Aim of the exercise: Starting at the line that contains "130-132 Nonantum Street" and stopping at the line that contains "91家纺网 家纺一手货源 找家纺", restate each line of the records below exactly. Omit the pictures.

(Data for this exercise Opens)

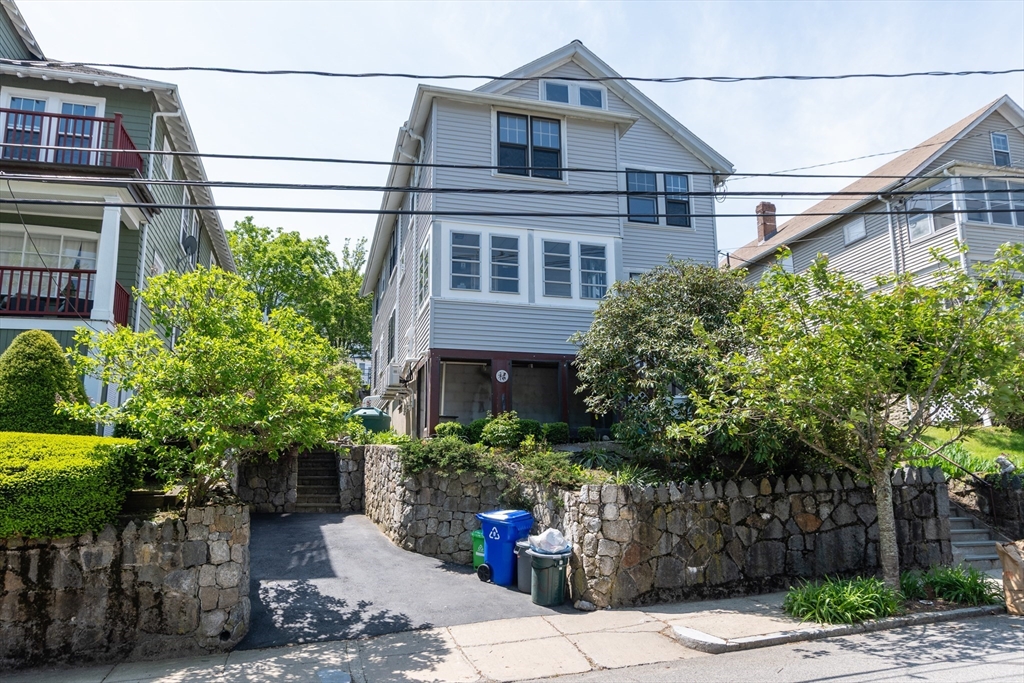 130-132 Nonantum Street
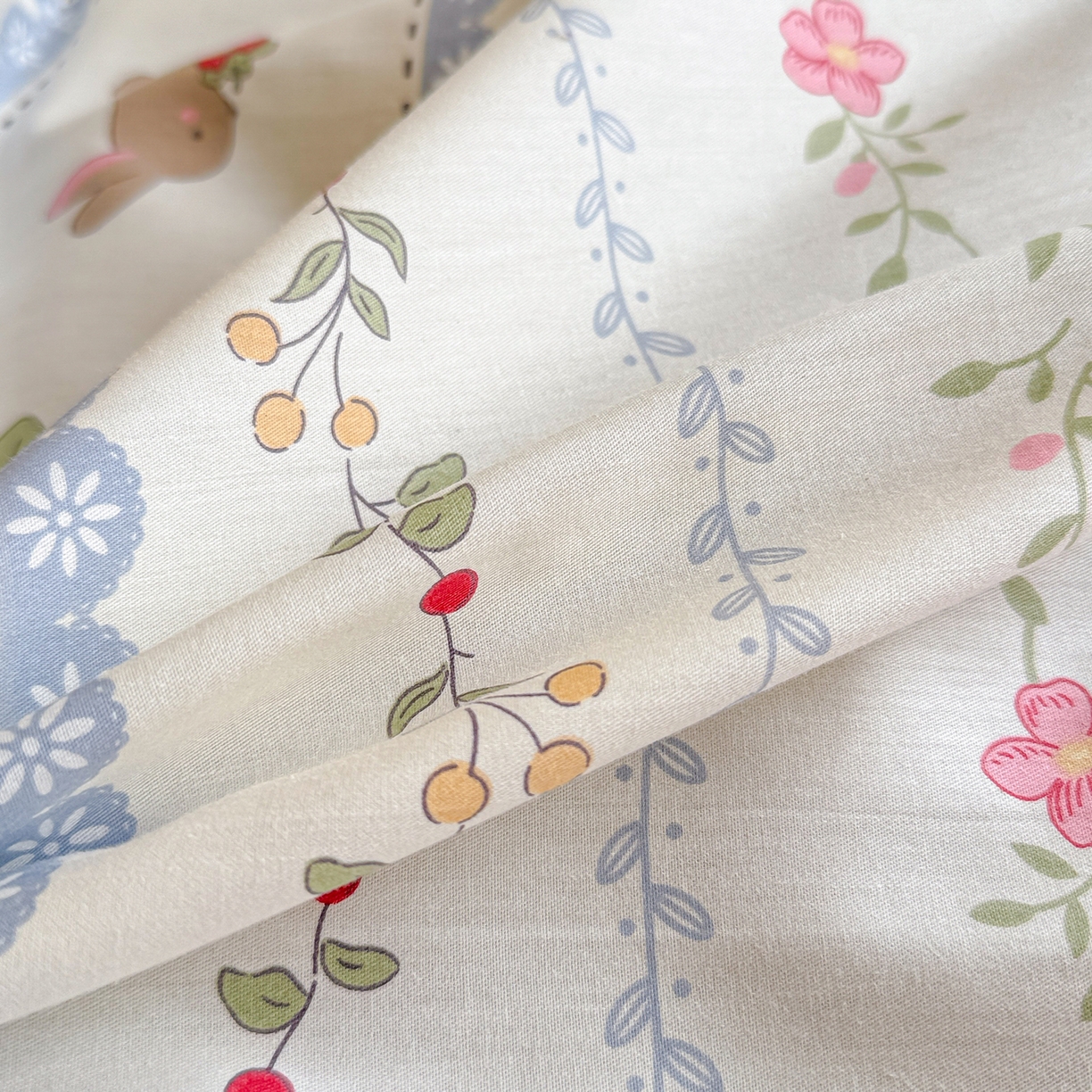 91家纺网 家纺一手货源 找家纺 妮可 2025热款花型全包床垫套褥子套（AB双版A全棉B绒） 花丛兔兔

(Data for this exercise Closes)
(Data for this exercise Opens)

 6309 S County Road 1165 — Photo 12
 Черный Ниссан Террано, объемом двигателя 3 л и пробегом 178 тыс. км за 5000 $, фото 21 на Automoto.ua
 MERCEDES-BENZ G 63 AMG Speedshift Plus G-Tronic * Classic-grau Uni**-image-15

(Data for this exercise Closes)
(Data for this exercise Opens)

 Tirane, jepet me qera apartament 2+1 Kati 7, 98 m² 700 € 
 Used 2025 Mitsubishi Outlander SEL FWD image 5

(Data for this exercise Closes)

Written reply:
 130-132 Nonantum Street
 91家纺网 家纺一手货源 找家纺 妮可 2025热款花型全包床垫套褥子套（AB双版A全棉B绒） 花丛兔兔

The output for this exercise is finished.